Restate the whole of the data below word for word, skipping the images.

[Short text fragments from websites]
--- START ---
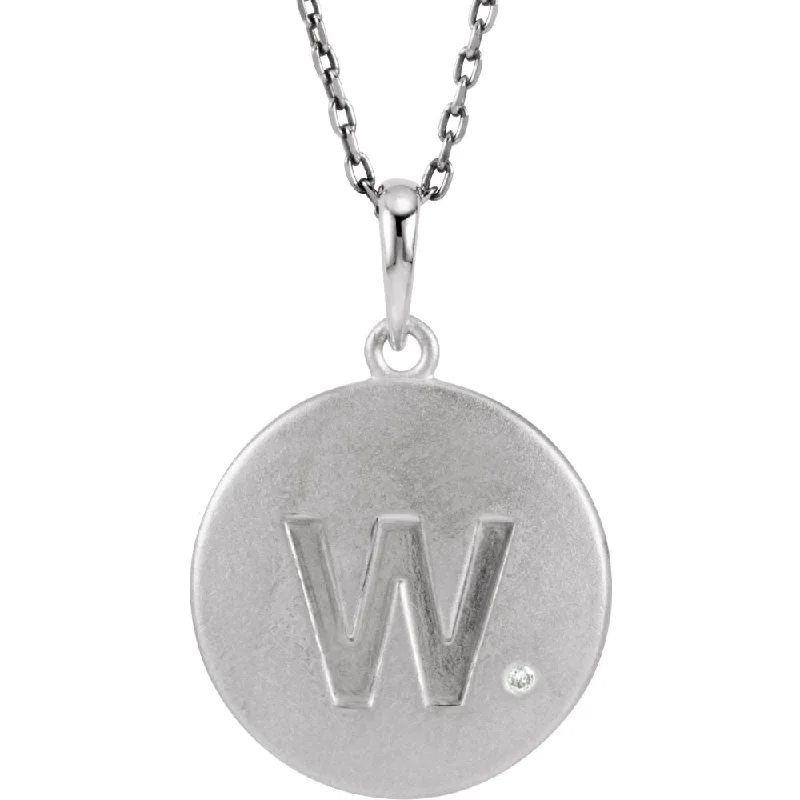 Ladies necklaces artsy charm -The Emma Sterling Silver Diamond Block Initial W Disc Necklace, 18 In.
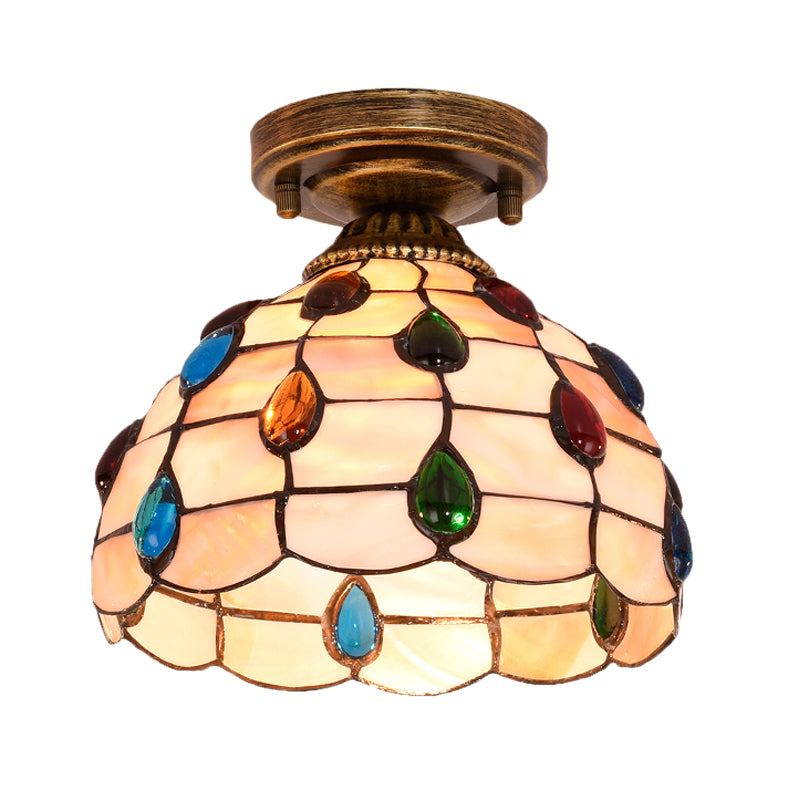 Plafonnier Shell Bowl fait à la main Tiffany à ampoule unique bleu/bleu clair/beige encastré avec cabochons en forme de pierres précieuses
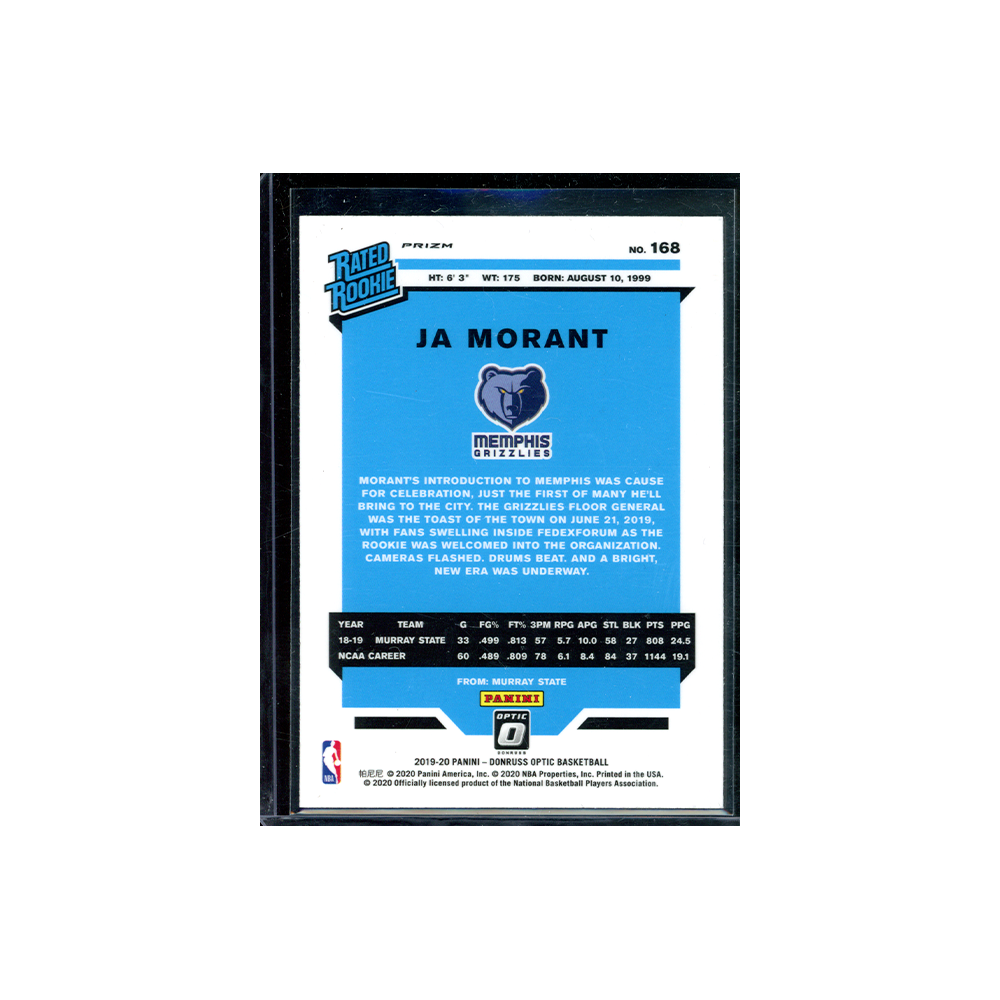 Ja Morant 2019-20 Panini Donruss Optic Basketball Rated Rookie Purple Shock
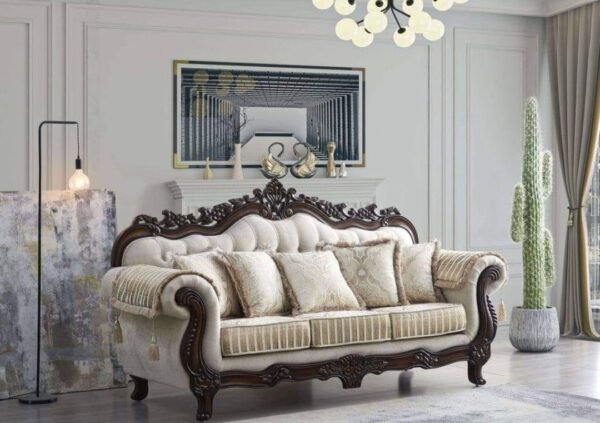 Luxury handcrafted wooden carved sofa with elegant upholstery and intricate detailing, perfect for premium living room decor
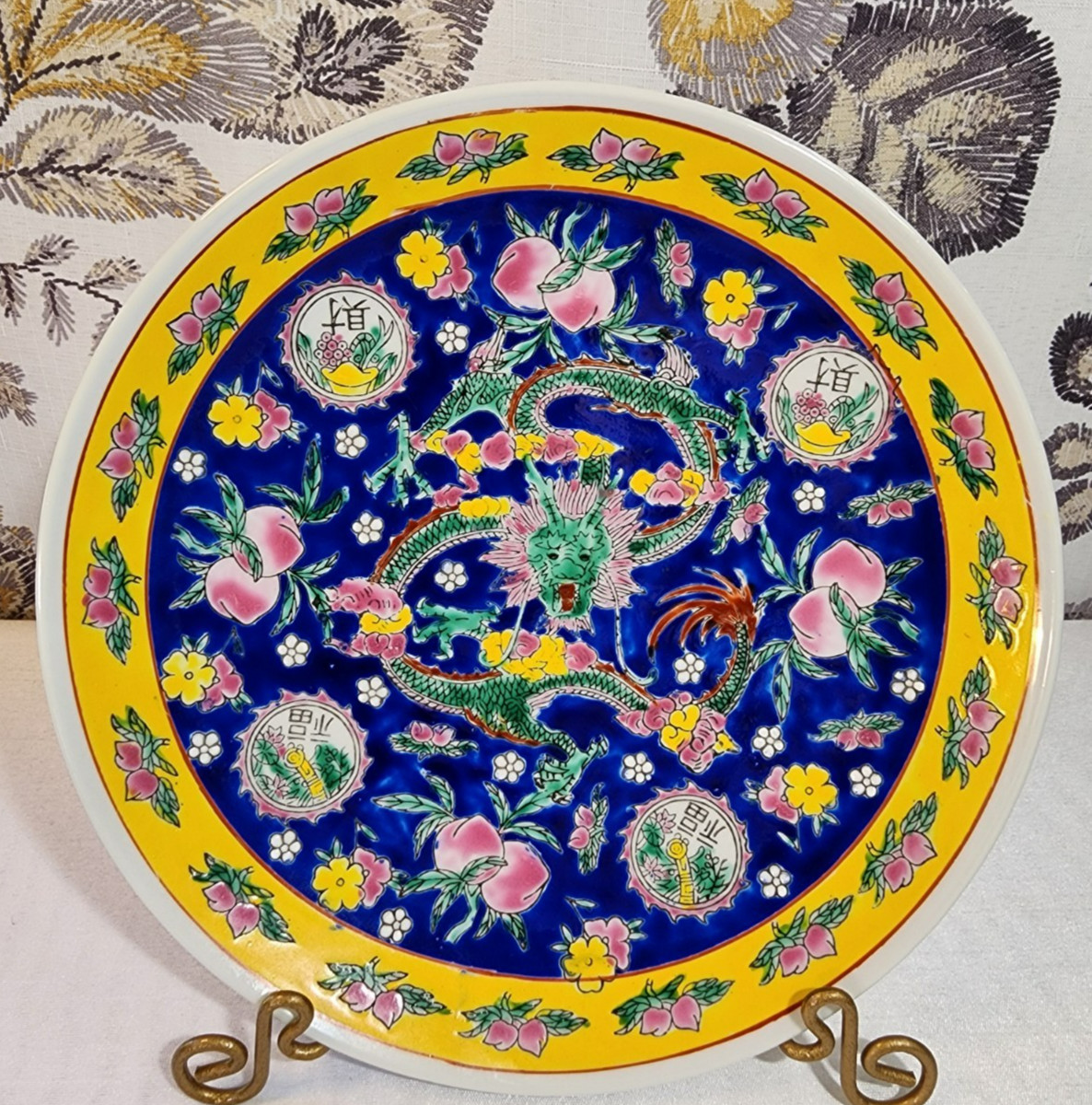 Vintage Chinese Porcelain Dragon Peach Plate Yellow Blue Qianlong Mark Decor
--- END ---
### Solution below
 Ladies necklaces artsy charm -The Emma Sterling Silver Diamond Block Initial W Disc Necklace, 18 In.
 Plafonnier Shell Bowl fait à la main Tiffany à ampoule unique bleu/bleu clair/beige encastré avec cabochons en forme de pierres précieuses
 Ja Morant 2019-20 Panini Donruss Optic Basketball Rated Rookie Purple Shock
 Luxury handcrafted wooden carved sofa with elegant upholstery and intricate detailing, perfect for premium living room decor
 Vintage Chinese Porcelain Dragon Peach Plate Yellow Blue Qianlong Mark Decor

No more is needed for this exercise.